Perguntei a mim mesmo por que a palavra cegueira se impôs aos meus pensamentos. O que isso teria a ver com as eleições e com a avalanche de comentários que povoaram as páginas das redes sociais durante e depois da campanha? A sensação foi de uma progressiva perda da “visão”, que acometeu de forma súbita, como no romance, uma massa crescente de pessoas. Um véu escuro caiu sobre os olhos dos que se empenharam nas duas frentes da campanha do segundo turno. A capacidade de enxergar a realidade com senso crítico ficou aos poucos afetada. Os candidatos e seus respectivos partidos se tornaram rapidamente sombras de objetos “idealizados”. Nada cega mais que a idealização.
A radicalização da discussão raivosa sobre quem era “o demônio”, levou naturalmente a criar como contrapartida o “anjo”. Não importa que lado alguém escolhesse, a visão da realidade parecia definitivamente perdida e, às apalpadelas, com a hábil ajuda dos marqueteiros, os eleitores puderam construir em sua mente uma imagem fantasmática do seu candidato e do respectivo adversário. Rapidamente a epidemia se espalhou. Os cegos se isolaram no reduto das redes sociais que rapidamente assumiram o aspecto conturbado e deteriorado dos cenários sombrios descritos no livro de Saramago habilmente recriados pelo filme. A violência se apoderou de pessoas habitualmente educadas e pacíficas. Agressões, estupros verbais e reações paranoicas tomaram conta dos dois lados.

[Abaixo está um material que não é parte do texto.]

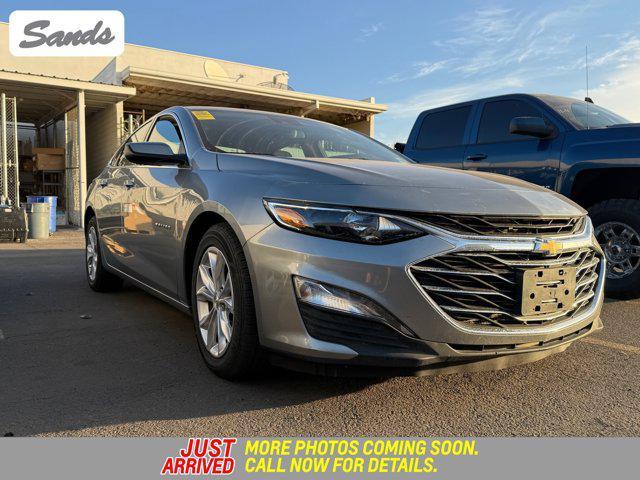 used 2024 Chevrolet Malibu car, priced at $18,195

A esperança é que, como no romance, aos poucos possamos recuperar a visão e ver os montes de lixo fedorento que nos rodeiam por toda parte e perceber que a realidade vai exigir a coragem de olhar para os escombros, reconhecer no meio deles os fantasmas de antigas ideologias que nunca morreram e perceber que nenhuma delas nos levará a identificar onde está o perigo real e o caminho da reconstrução. Agora é a hora do choque de realidade, ele virá, que nós queiramos ou não, e os cenários que se abrem não são certamente atrativos.